Sanford fiddled with his laptop on the table at the front of the room, and Ava watched their man with the cap stroll through the automatic spinning door from outside and take a position at the carousel.

“He knew exactly which carousel to go to and what time to stroll in,” said Sanford. “We put him at about six foot one and two hundred pounds. We tried to get a better shot of his face, but the cap is too low and the cameras are positioned too high.”

Convenient.

“His hair is gray, his shoes are black Nikes, and he’s wearing jeans.”

“No brand name on the jeans?” someone muttered, and laughter scattered through the group.

“Age?” asked Ava.

Duncan met her gaze and shook his head. “The hair suggests forty and up, but that’s not very precise.”

“He moves like he’s older,” she said. She scowled, not knowing why she thought that. There was nothing she could put her finger on to explain it.
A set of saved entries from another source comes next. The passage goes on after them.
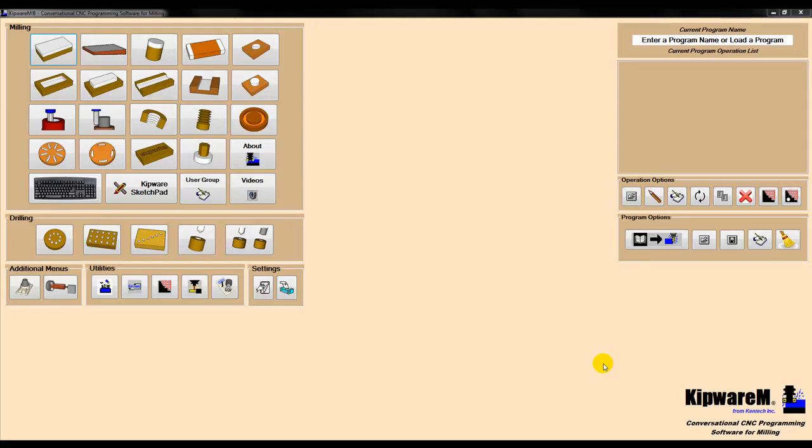In this video, we will demonstrate the G-code generation programming using Kipware M, our conversational CNC programming software for milling.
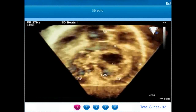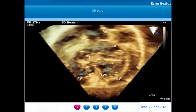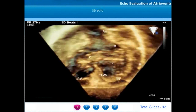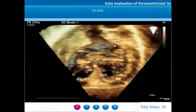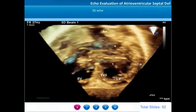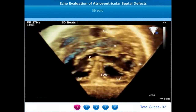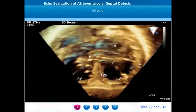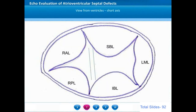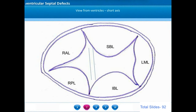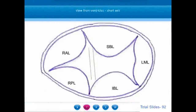We can notice that the aortic root is anteriorly displaced. Normally the aortic root is wedged between the left and the right atrioventricular valves. However, in AV septal defects the aortic valve gets anteriorly displaced.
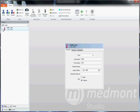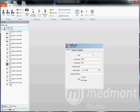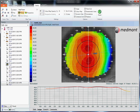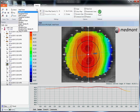If we open up this patient file, we can select that image we just took. We can go up to display and analyze this eye in axial power. Axial is the best way to interpret refraction or the power on the corneal surface.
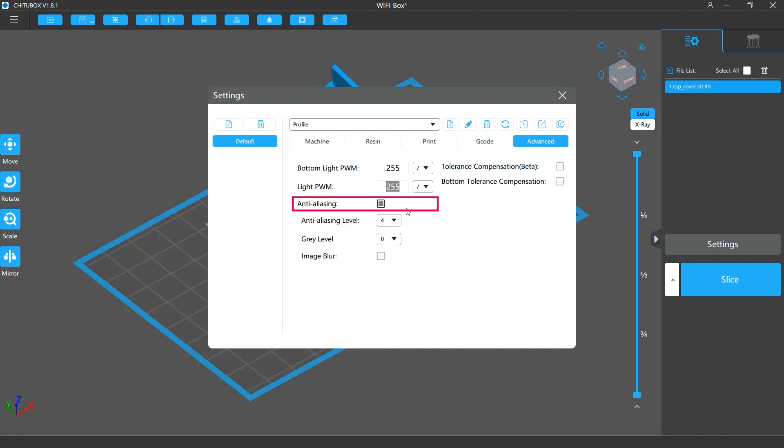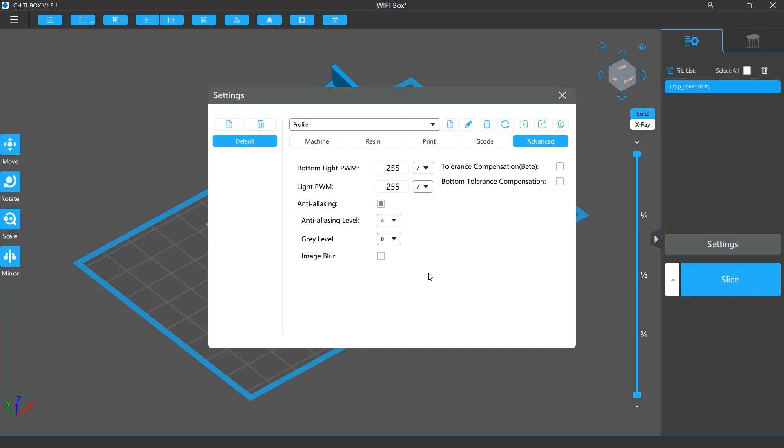Below the light settings are the anti-aliasing settings. This will do anti-aliasing for the slice images of your model, so your model surfaces will be smoother. These settings will be explained in detail in the anti-aliasing tutorial video.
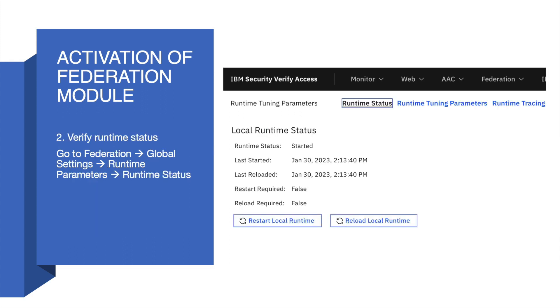You can also verify the runtime status for Federation. Via LMI, go to Federation, Global Settings, Runtime Parameters, and check the runtime status. Here you should see the status as started.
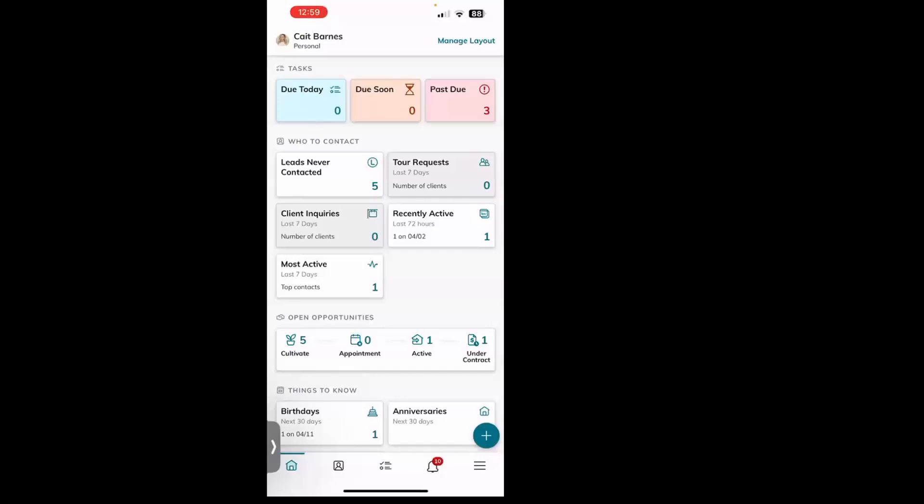Hello everyone, this is Kate with Scott Larry Marketing. Today I want to show you a quick video on how to share your branded mobile app link straight from Command mobile. Super easy, just a couple of steps.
Duncan nodded. “I agree. There’s a bit of a stiffness to his stride that suggests age. But it could easily be a past injury that slows his walk.”

“And the way he pulled the suitcase off the carousel makes him look older,” offered a Clackamas County deputy. “He pulled with his whole body, not just using his arm strength like a younger guy would, you know?” Several of the other agents nodded in agreement. Sanford ran the clip again, and Ava saw what the cop meant. The man didn’t simply lift the bag off the carousel, he lunged with it, using his body to lift and pull its weight.

“Also, there’s no video of him before he entered the luggage area, and nothing on the parking garage tapes,” stated Sanford.